==== Materials provided ====

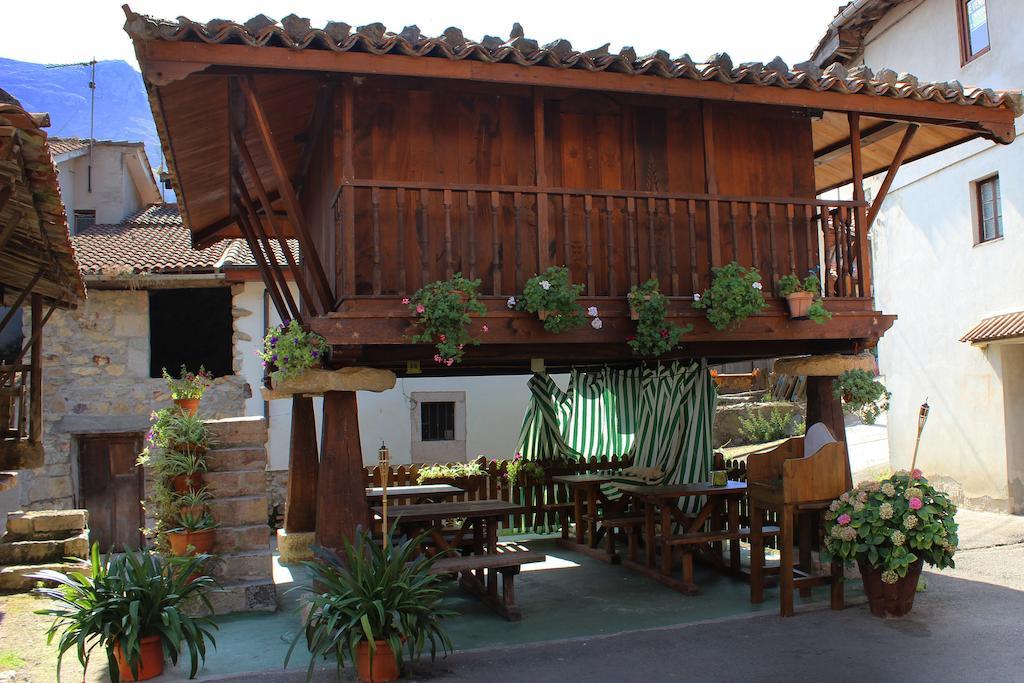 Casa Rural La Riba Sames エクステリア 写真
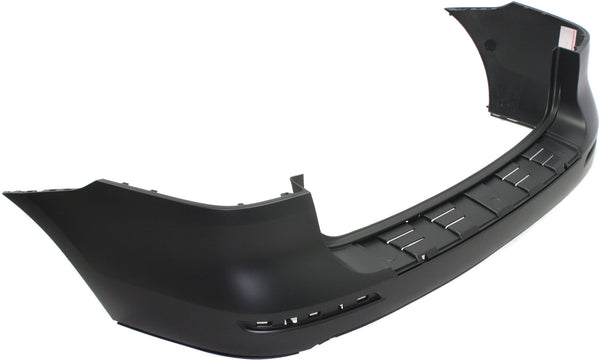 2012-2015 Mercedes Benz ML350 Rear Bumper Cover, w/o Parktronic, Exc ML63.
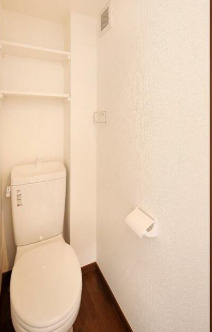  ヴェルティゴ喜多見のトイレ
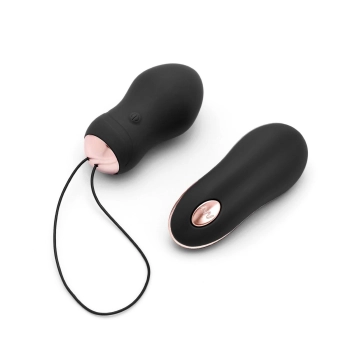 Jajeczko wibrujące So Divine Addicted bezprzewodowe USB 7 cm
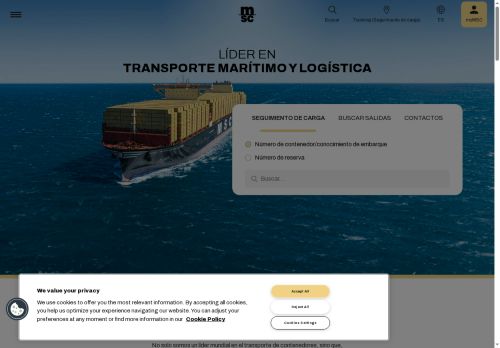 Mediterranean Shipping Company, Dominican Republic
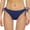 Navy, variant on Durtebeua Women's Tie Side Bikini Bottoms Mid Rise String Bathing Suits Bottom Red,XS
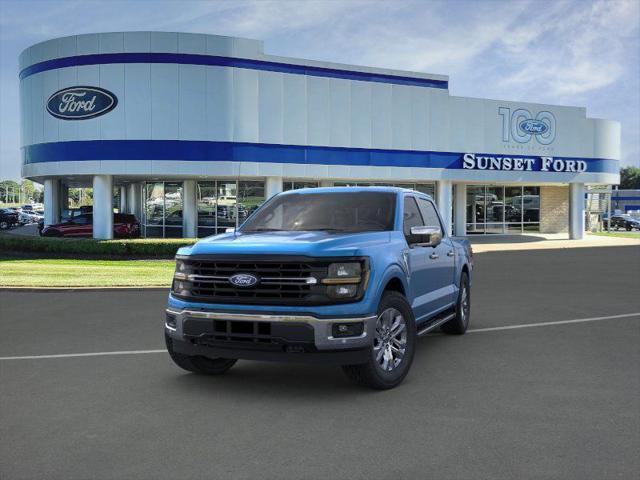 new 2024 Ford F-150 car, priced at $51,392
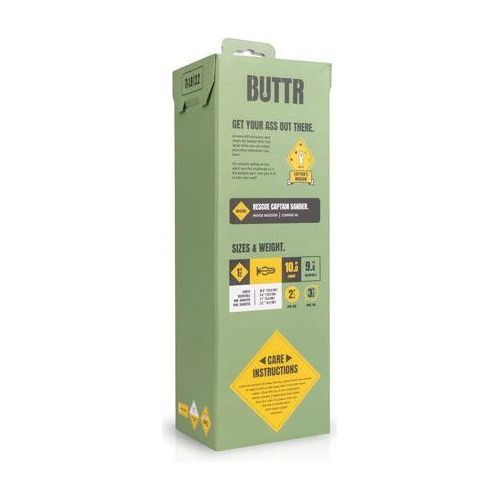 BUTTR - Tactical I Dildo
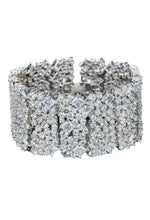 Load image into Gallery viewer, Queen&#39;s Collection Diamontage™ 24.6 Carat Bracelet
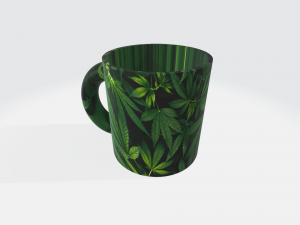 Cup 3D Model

====

## Problem requirements:
Once the pictures are set aside, write out the entries verbatim.

## Task result:
 Casa Rural La Riba Sames エクステリア 写真
 2012-2015 Mercedes Benz ML350 Rear Bumper Cover, w/o Parktronic, Exc ML63.
  ヴェルティゴ喜多見のトイレ
 Jajeczko wibrujące So Divine Addicted bezprzewodowe USB 7 cm
 Mediterranean Shipping Company, Dominican Republic
 Navy, variant on Durtebeua Women's Tie Side Bikini Bottoms Mid Rise String Bathing Suits Bottom Red,XS
 new 2024 Ford F-150 car, priced at $51,392
 BUTTR - Tactical I Dildo
 Load image into Gallery viewer, Queen&#39;s Collection Diamontage™ 24.6 Carat Bracelet
 Cup 3D Model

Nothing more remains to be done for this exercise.